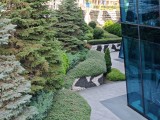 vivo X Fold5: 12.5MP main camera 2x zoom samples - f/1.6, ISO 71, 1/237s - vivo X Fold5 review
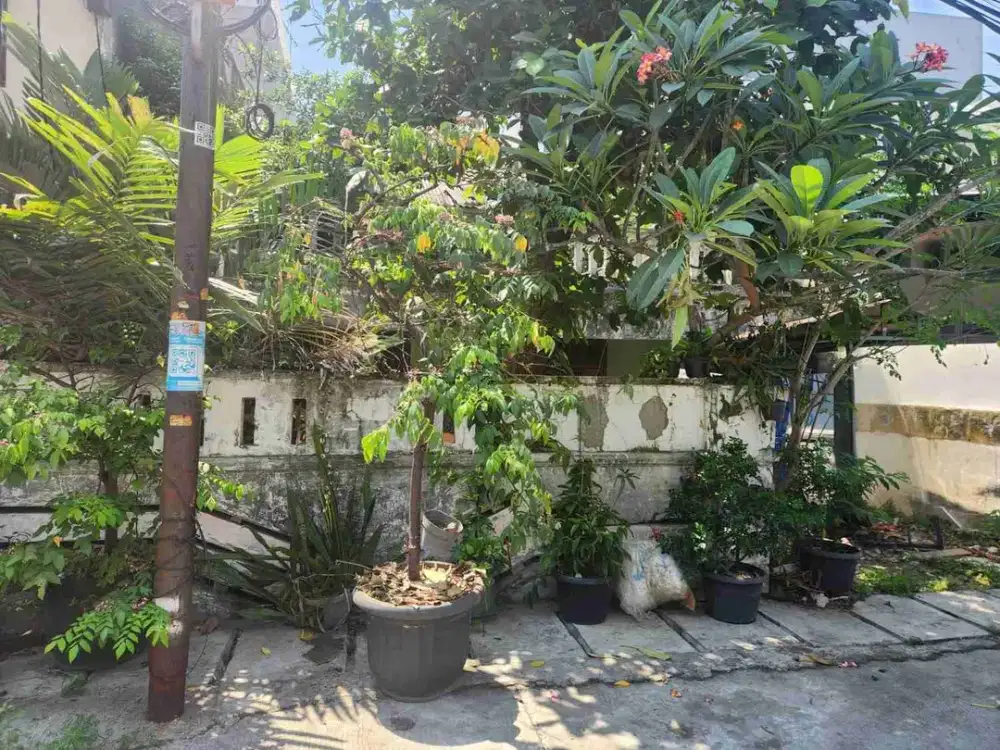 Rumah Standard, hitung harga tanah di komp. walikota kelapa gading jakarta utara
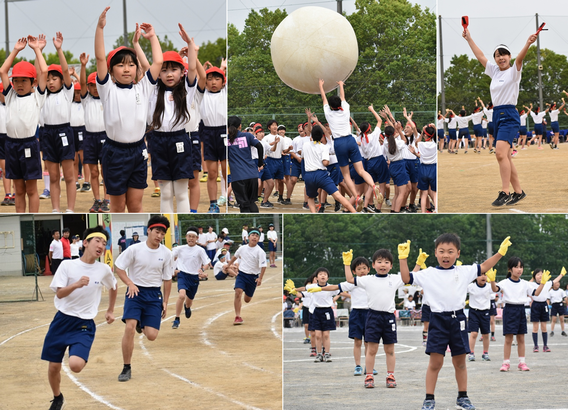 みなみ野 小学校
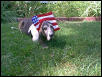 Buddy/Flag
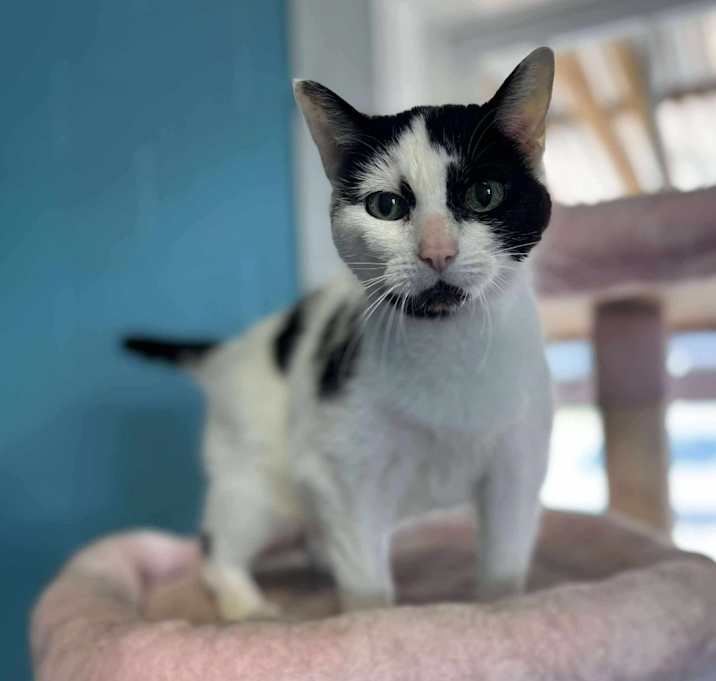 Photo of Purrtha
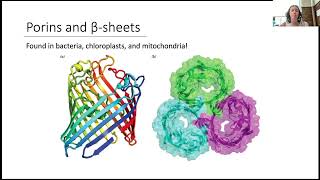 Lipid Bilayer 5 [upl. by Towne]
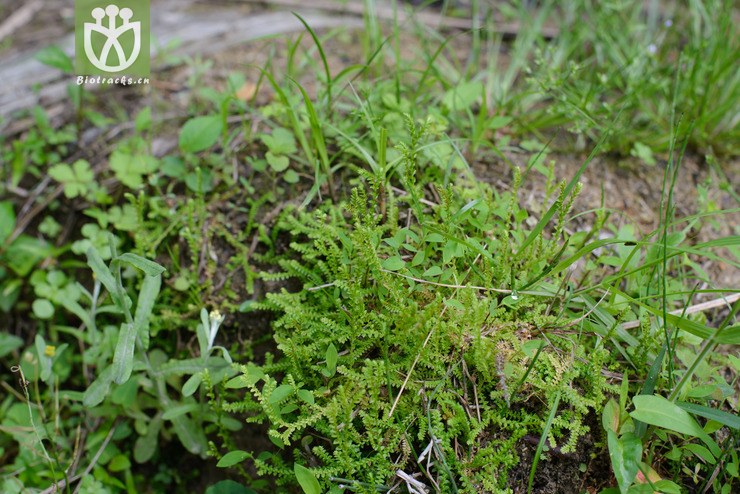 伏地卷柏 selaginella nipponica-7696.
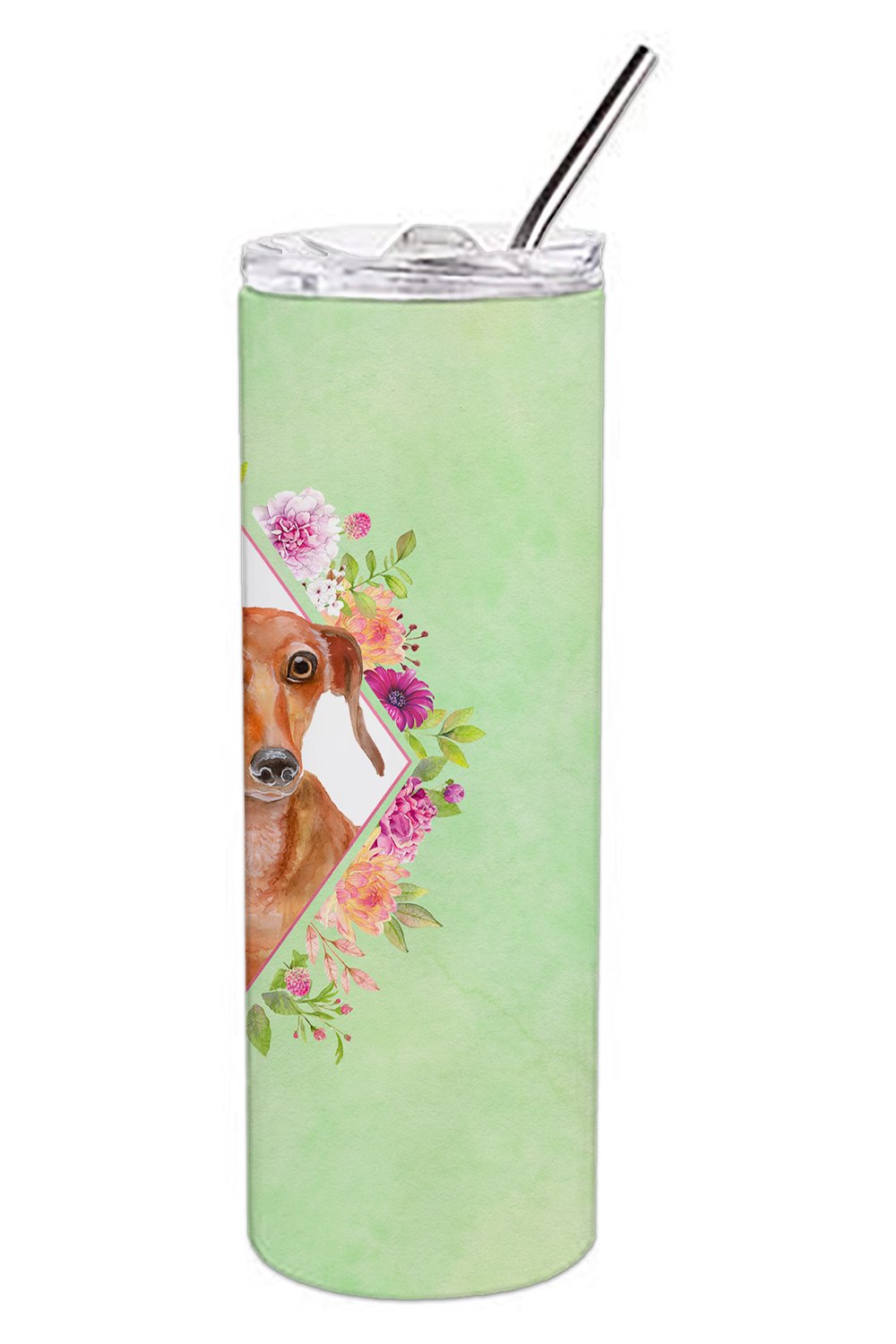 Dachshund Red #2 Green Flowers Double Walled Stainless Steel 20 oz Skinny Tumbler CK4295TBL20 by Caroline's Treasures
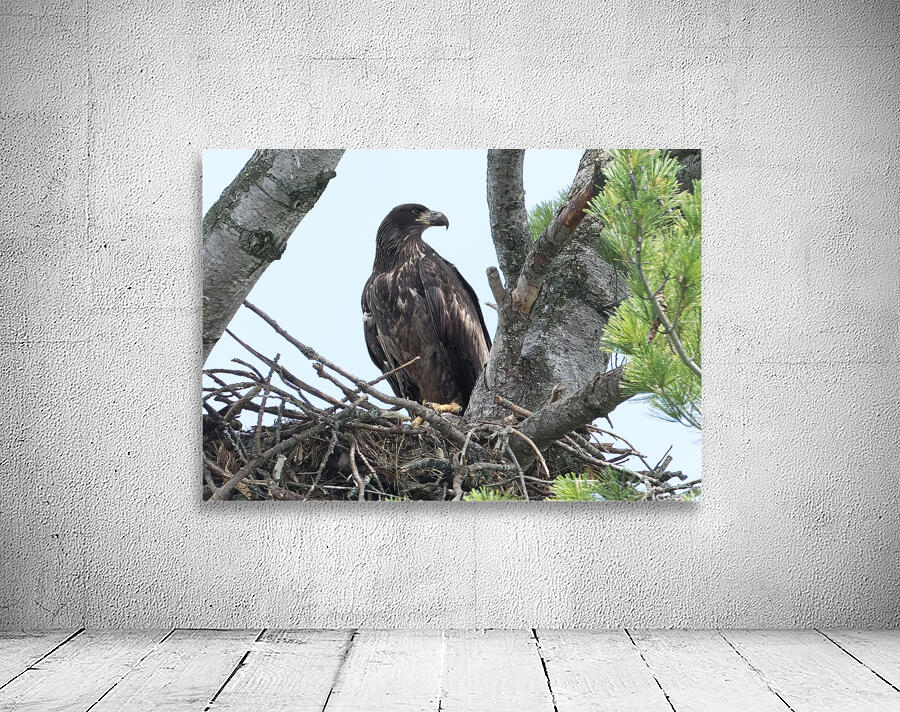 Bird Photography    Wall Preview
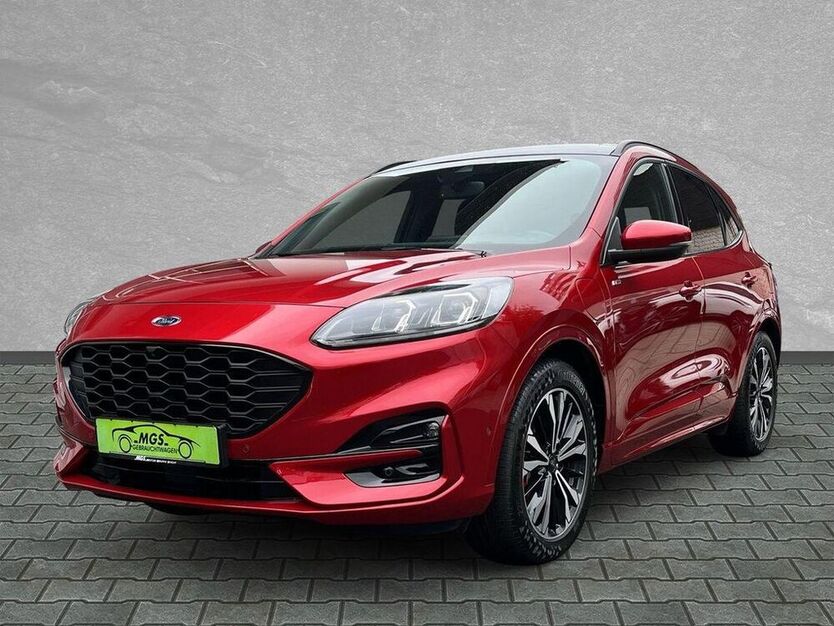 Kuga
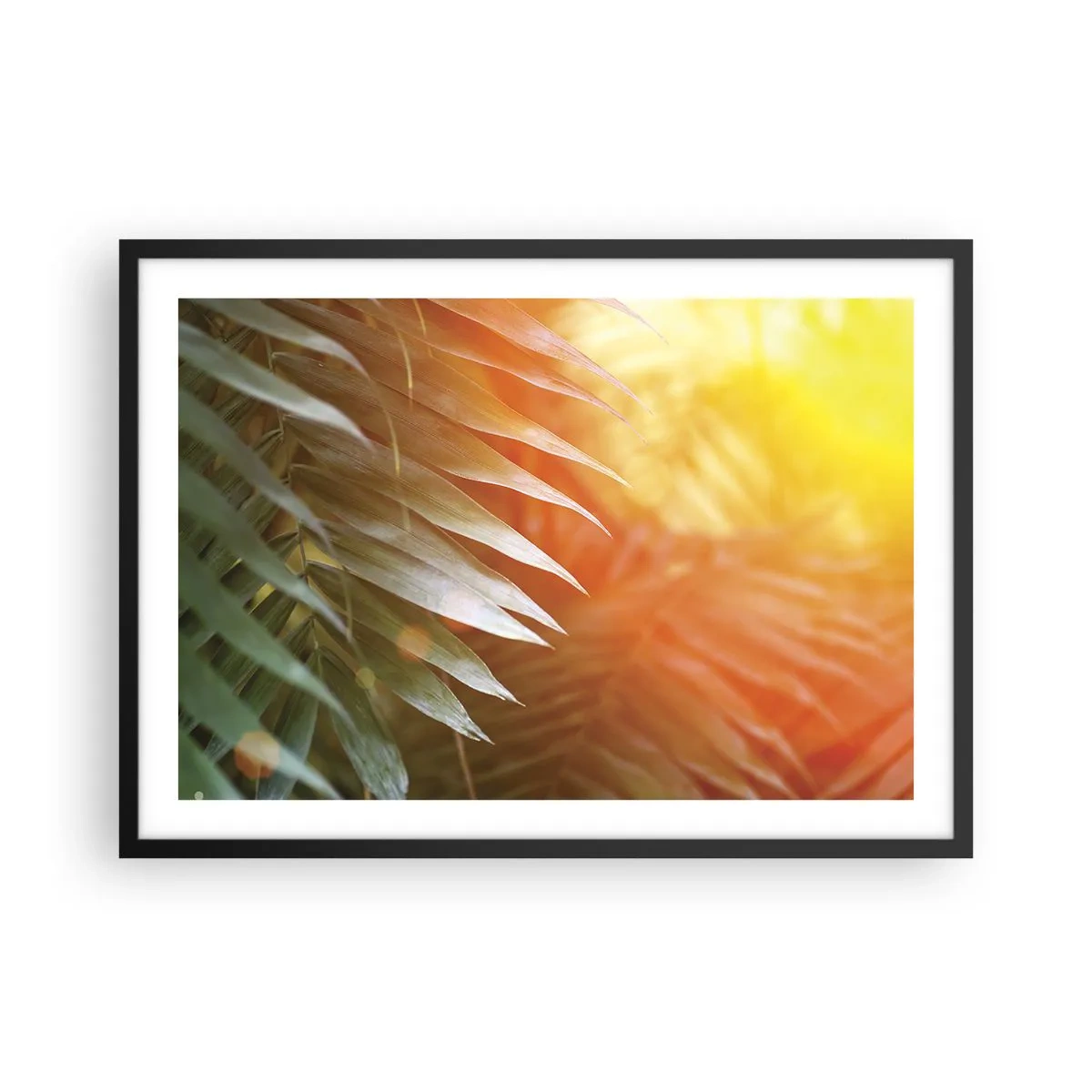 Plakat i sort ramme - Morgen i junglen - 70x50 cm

▬▬▬▬▬▬

## Task to complete
For this exercise, transcribe exactly only the lines from the one containing "Dachshund Red #2" through the end of the listing, inclusive, without the pictures.

## Answer box
 Dachshund Red #2 Green Flowers Double Walled Stainless Steel 20 oz Skinny Tumbler CK4295TBL20 by Caroline's Treasures
 Bird Photography    Wall Preview
 Kuga
 Plakat i sort ramme - Morgen i junglen - 70x50 cm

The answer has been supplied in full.